───── Material provided ─────
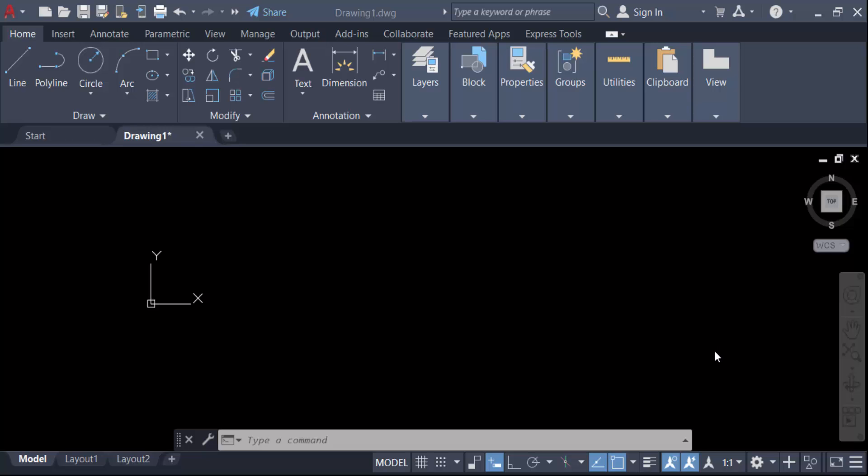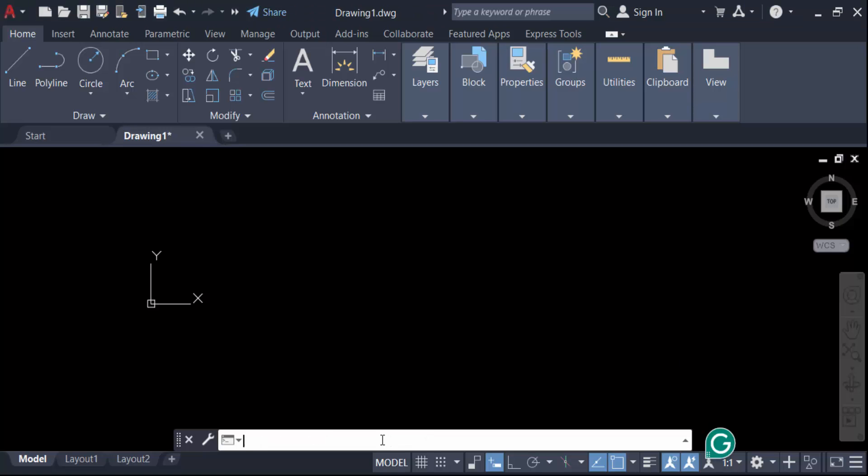Hello everyone, assalamualaikum. In this tutorial today, I present you how to create a rectangle using coordinates in AutoCAD. So let's get started. First, I have to create a rectangle, so go here in this command, REC for rectangle, then press enter.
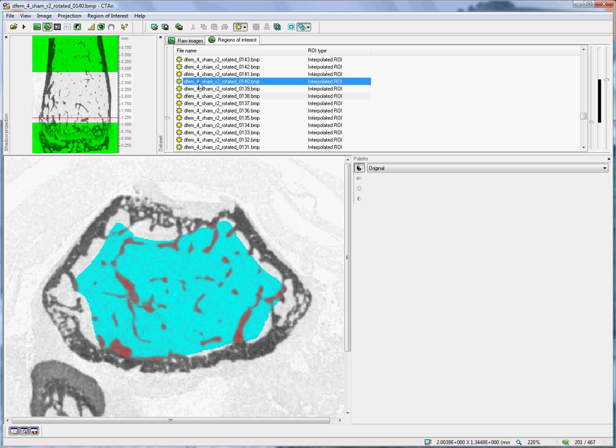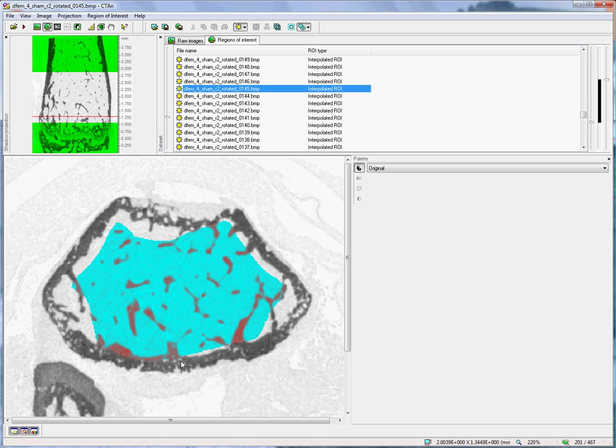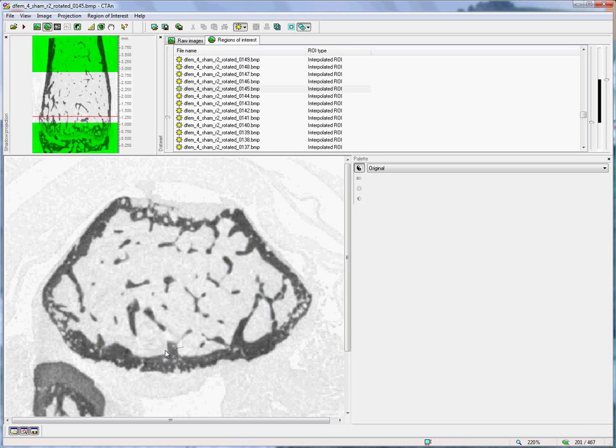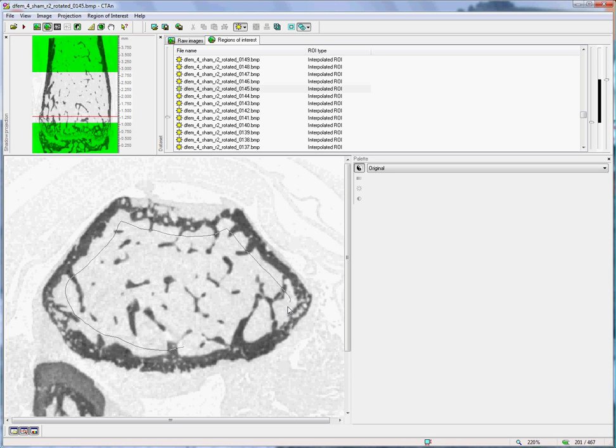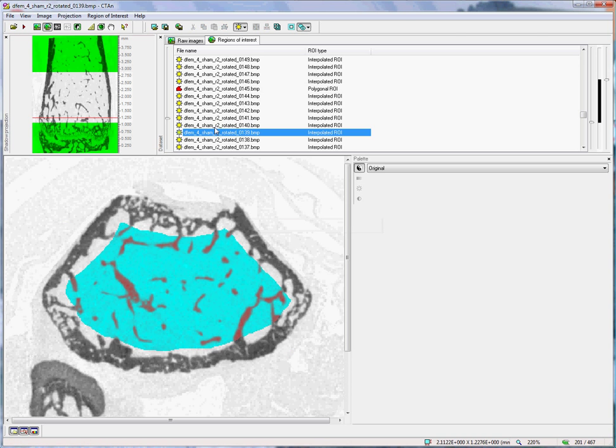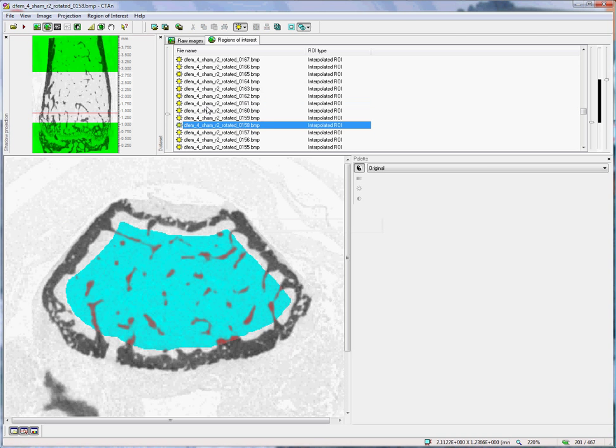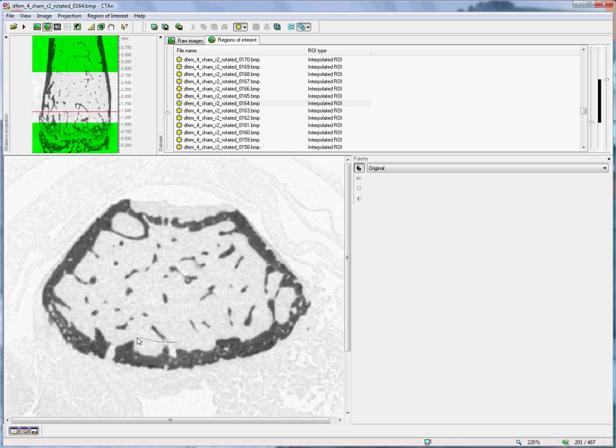Then I move up, say 20 or 30 slices, and draw another shape. The program will interpolate between the shapes that I draw to produce the three-dimensional volume of interest of trabecular bone. With a little bit of practice, this drawing process becomes quite fast and straightforward.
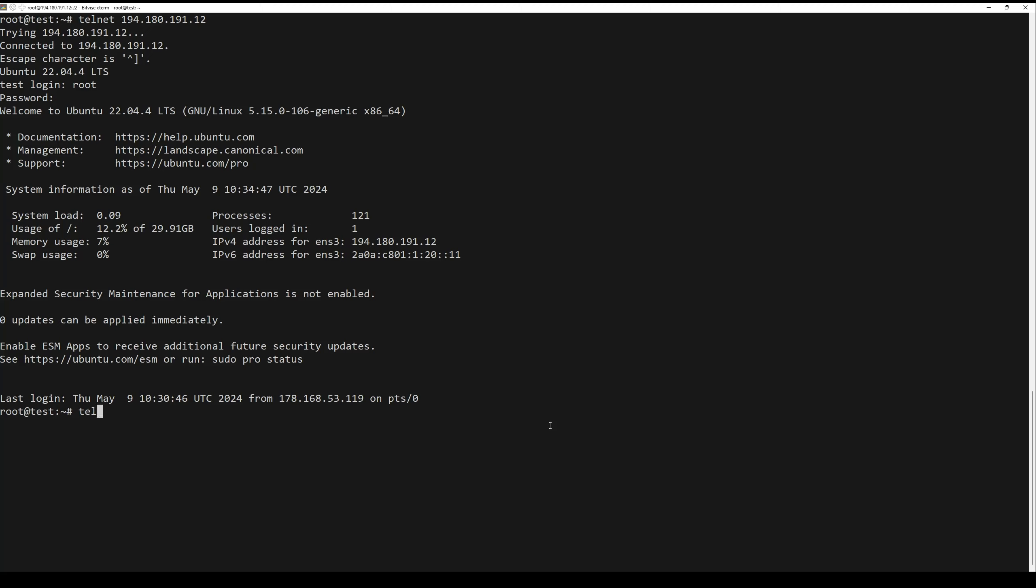You can also use telnet to test open ports on a remote server. For example, to test port 80 on a remote system, run the following command.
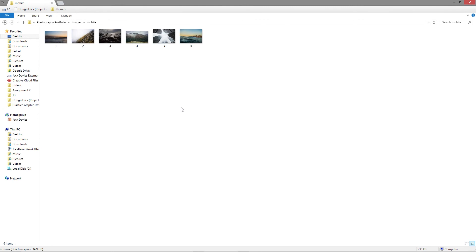If you haven't already checked out my photography portfolio responsive website tutorial, I would highly recommend checking out episode one. This applies to episode five, where we will be using these images in the picture element of the webpage.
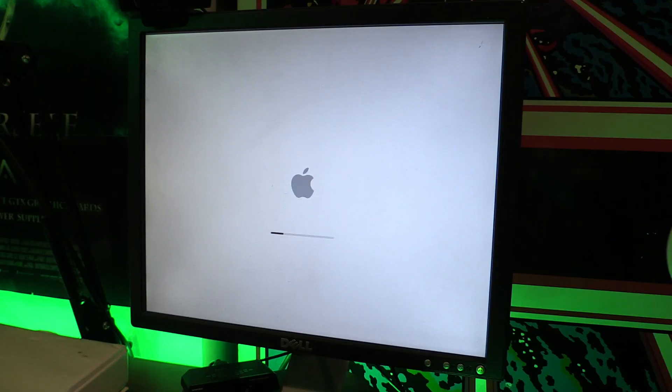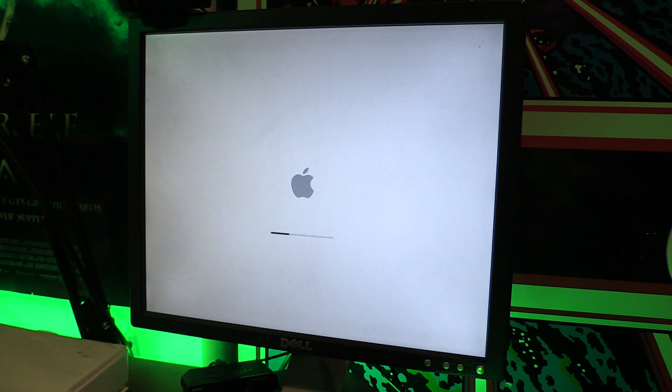My problem was my Hackintosh would not boot up. I would get to the white Apple screen, and it would load to about halfway, and then completely stop, no matter what I did. Even if I wanted to reinstall the operating system, it would get to about halfway and then stop. It was bad. I couldn't figure it out. I tried tons of boot flags, which I didn't really know a whole lot about, and nothing seemed to help.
─────
§ Work task: With every picture removed, give the entries above again exactly.

§ Answer box:
Hello everyone, assalamualaikum. In this tutorial today, I present you how to create a rectangle using coordinates in AutoCAD. So let's get started. First, I have to create a rectangle, so go here in this command, REC for rectangle, then press enter.
Then I move up, say 20 or 30 slices, and draw another shape. The program will interpolate between the shapes that I draw to produce the three-dimensional volume of interest of trabecular bone. With a little bit of practice, this drawing process becomes quite fast and straightforward.
You can also use telnet to test open ports on a remote server. For example, to test port 80 on a remote system, run the following command.
If you haven't already checked out my photography portfolio responsive website tutorial, I would highly recommend checking out episode one. This applies to episode five, where we will be using these images in the picture element of the webpage.
My problem was my Hackintosh would not boot up. I would get to the white Apple screen, and it would load to about halfway, and then completely stop, no matter what I did. Even if I wanted to reinstall the operating system, it would get to about halfway and then stop. It was bad. I couldn't figure it out. I tried tons of boot flags, which I didn't really know a whole lot about, and nothing seemed to help.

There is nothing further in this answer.